[COLLECTED DATA]

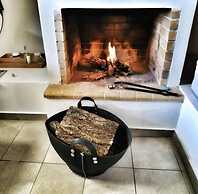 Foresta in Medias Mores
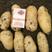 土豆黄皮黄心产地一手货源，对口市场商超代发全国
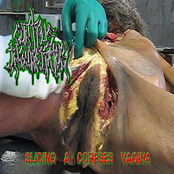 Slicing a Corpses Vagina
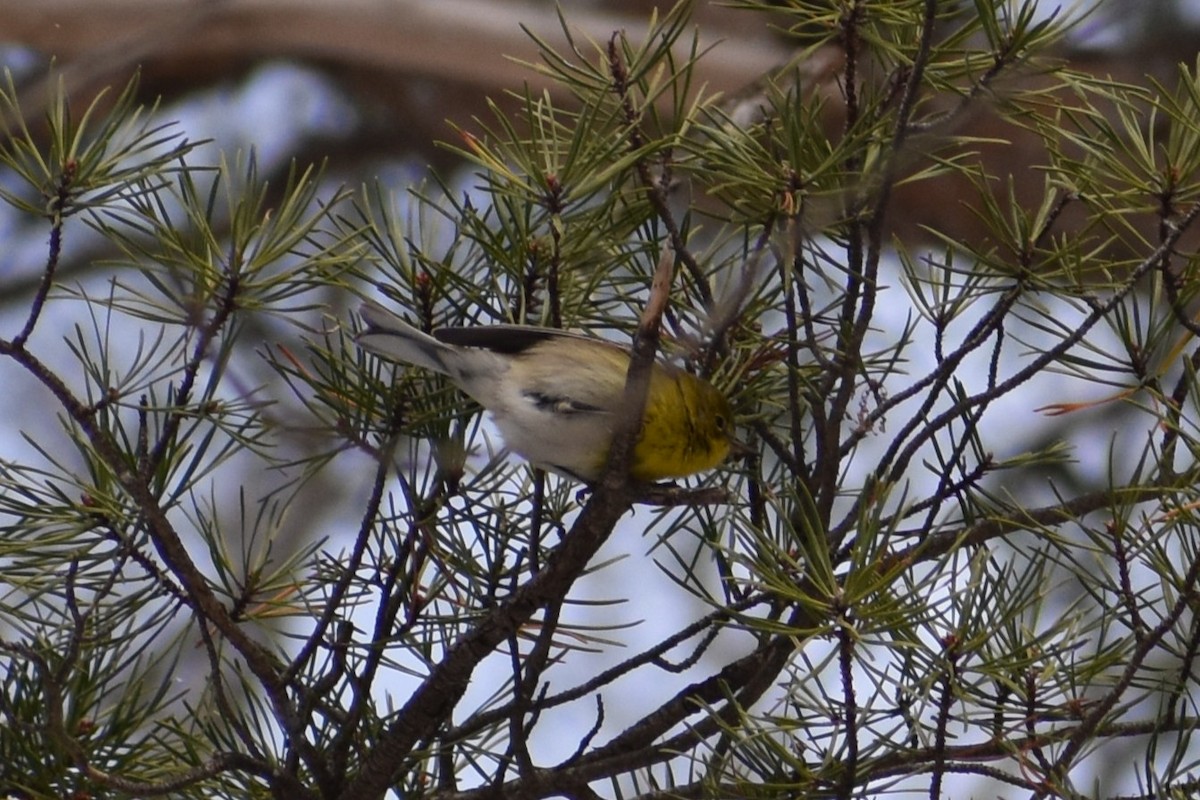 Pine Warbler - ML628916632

[/COLLECTED DATA]

- EXERCISE DIRECTIONS: Reproduce the data word for word, excluding its pictures.

- SOLVED EXERCISE:
 Foresta in Medias Mores
 土豆黄皮黄心产地一手货源，对口市场商超代发全国
 Slicing a Corpses Vagina
 Pine Warbler - ML628916632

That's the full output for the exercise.